Antonin Dvořák composed his Symphony No. 8 over two months, from the end of August to the beginning of November, in happy seclusion at his country home of Vysoká, in 1889. The symphony is his most bucolic, cheery, and lyrical, steeped in the Bohemian folk song he adored.

Dvořák himself conducted its first performance, at the National Theater in Prague, in 1890. He then took it to Frankfurt and Cambridge, where he was awarded an honorary doctorate. The symphony became a great favorite in England. In fact, it was published there, by the London firm of Novello, after the usual disagreements with Simrock, Dvořák’s regular publisher. Simrock preferred shorter, snappier works and insisted on marketing them in German. Dvořák, a proud Bohemian, found this increasingly annoying. Not incidentally, Simrock had also low-balled him on the price (offering one thousand marks, as opposed to the three thousand marks he had paid for the Symphony No. 7).

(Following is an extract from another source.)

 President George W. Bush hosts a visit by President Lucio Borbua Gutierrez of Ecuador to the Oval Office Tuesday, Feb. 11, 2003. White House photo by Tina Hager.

In 1893, Dvořák was in America, as director of the National Conservatory of Music in New York, when he brought his new symphony to the World’s Columbian Exposition. At the time, the symphony was promoted as his Fourth. It was only in the 1950s, with the publication of Dvořák’s earlier works in the form, that the symphonies were renumbered, which is why there are now nine Dvořák symphonies, as opposed to five. At the world’s fair, Dvořák conducted his Eighth with an expanded Chicago Symphony Orchestra. According to the Chicago Tribune, the performance was met with enthusiasm, marked by “tremendous outbursts of applause.”

The composer claimed that in its writing the melodies simply poured out of him. Here’s my favorite recording of the piece, made with the Columbia Symphony Orchestra, assembled specifically for the great Bruno Walter.

Všechno nejlepší k narozeninám! Happy birthday, Dvořák!